Some days, the stock market soars at the expense of bonds. Other days, it is commodities like oil or gold that shine. And some days, defensive assets like bonds catch a big bid. Then there are those rare days when all asset classes enjoy big rallies – days when “Everything Is Awesome”! (phrase borrowed from the Grammy-nominated song from The Lego Movie…seriously.) We saw such a day yesterday with stocks, bonds, crude oil and gold, not to mention the Euro, all up more than 1%.
This has been a rare feat over the past 8 years. As measured by the most popular ETF’s covering stocks (SPY), bonds (TLT), oil (USO) and gold (GLD), this was just the 6th day since 2007 that each of the asset classes rallied 1% on the same day.
Here are the 6 dates in the past 8 years (* Euro [FXE] also up > 1%):
Truthfully, there is not a lot that we found to be gleaned from these dates in terms of adding value to market expectations. The first 1, and maybe 4, occurred within the descent/ascent associated with the outright market panic during the financial crisis. Given the elevated volatility during such times, it is not a shock that several of the occurrences would be found during that period (although, it was still rare to have all the asset classes going the same way, i.e., up).
In most instances, these dates marked little significance in terms of the future direction of the various markets. There were a few exceptions when the dates marked an inflection point for a certain asset, i.e., the 2008 instance that sent bonds and gold sailing upward and, to a lesser extent, the 2013 episode that sent oil and gold into a decent selloff.
Upon examining the dates a little further, we did notice somewhat of a tie-in. 3 of the dates, 6/25/2009, 9/18/2013 and yesterday fell on the day of, or the day after, an FOMC meeting. It shouldn’t be surprising to anyone at this point that the Fed may attempt to assuage the markets with their policy actions, statements or press conferences. But do these “Everything Is Awesome” FOMC days have a lasting effect on the markets beyond the 1-day combined rally? From just a cursory glance, no.
Looking at the returns of the SPY, TLT, GLD and USO over various durations following the prior examples on FOMC days, we see mixed performance from the sectors.
Yes, it is only a sample size of 2, and yes there are unique circumstances surrounding each FOMC meeting.

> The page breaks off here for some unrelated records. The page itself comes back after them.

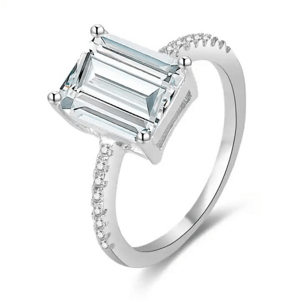 OLIVIE Stříbrný prsten obdélníkový AAA ZIRKON 8310 Velikost prstenů: 6 (EU: 51-53) Ag 925; ≤3,4 g.
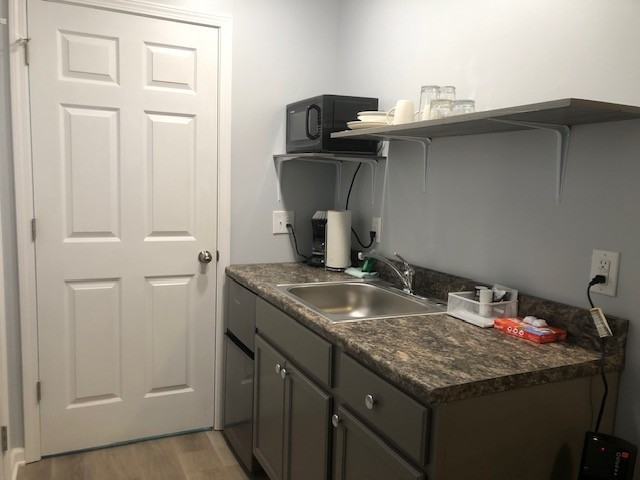 Allen Rd E #4 - Photo 5 of 14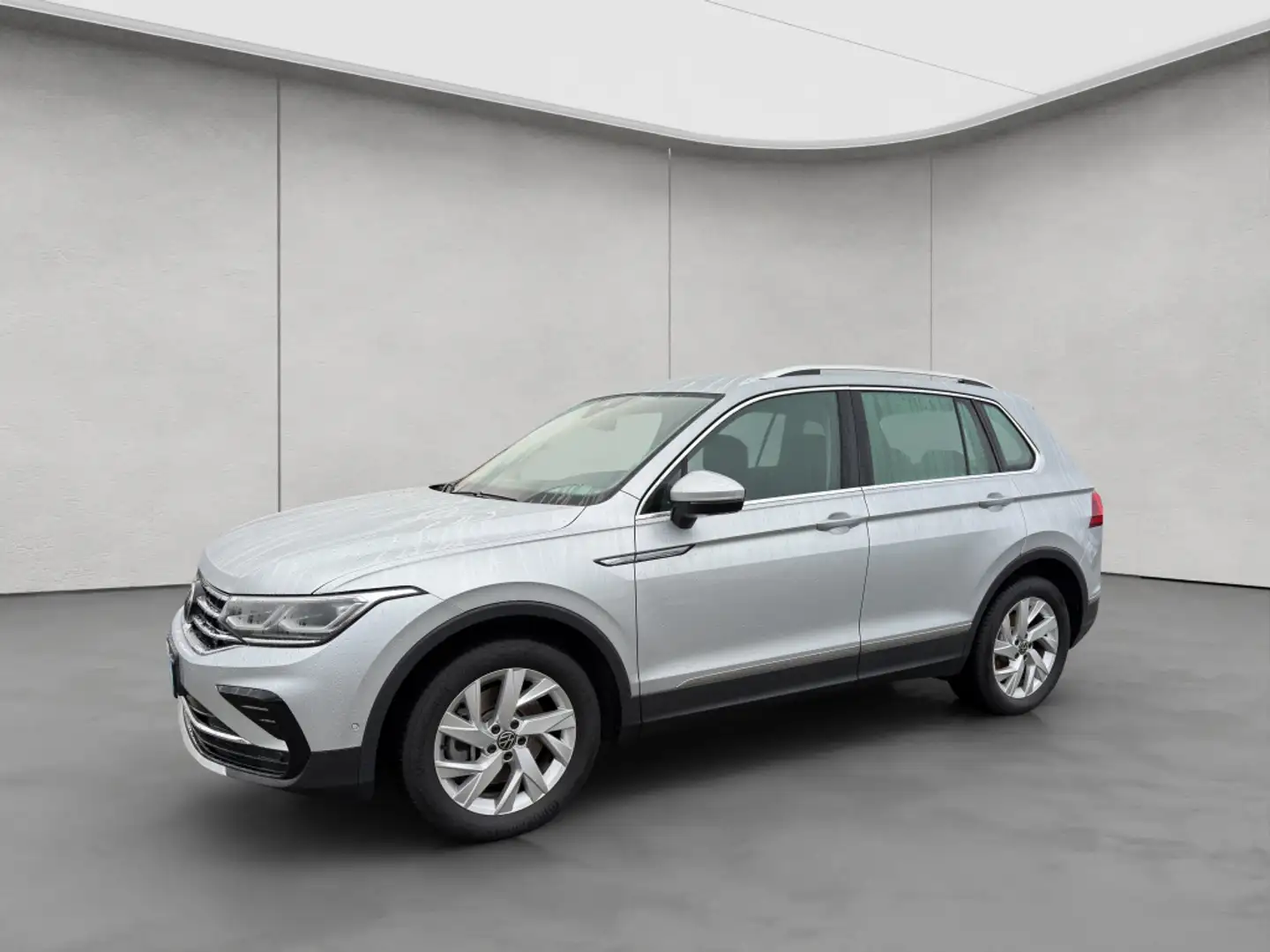 Volkswagen Tiguan Elegance 4Motion 2.0l TSI DSG ACC GJR AHK Silber - 2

But as one can see, the forward returns after that day have been about perfectly mixed. And while stocks did well after the 2 meetings and oil did poorly, I don’t think we can extrapolate those precedents into the future. The point is, not all of the asset classes furthered their good performance from that day. In other words, don’t assume “everything is awesome” beyond that one day.
Perhaps, the lesson is simply to expect more volatility around FOMC meetings, if one hadn’t picked up on that already. Specifically, expect more positive volatility. This is likely to be truer and truer the more that the focus is on the specific verbiage dispensed by the Fed. With that being the case, one can likely rely on the Fed consistently telling the market that “everything is awesome”, even when that means telling us that not everything is awesome.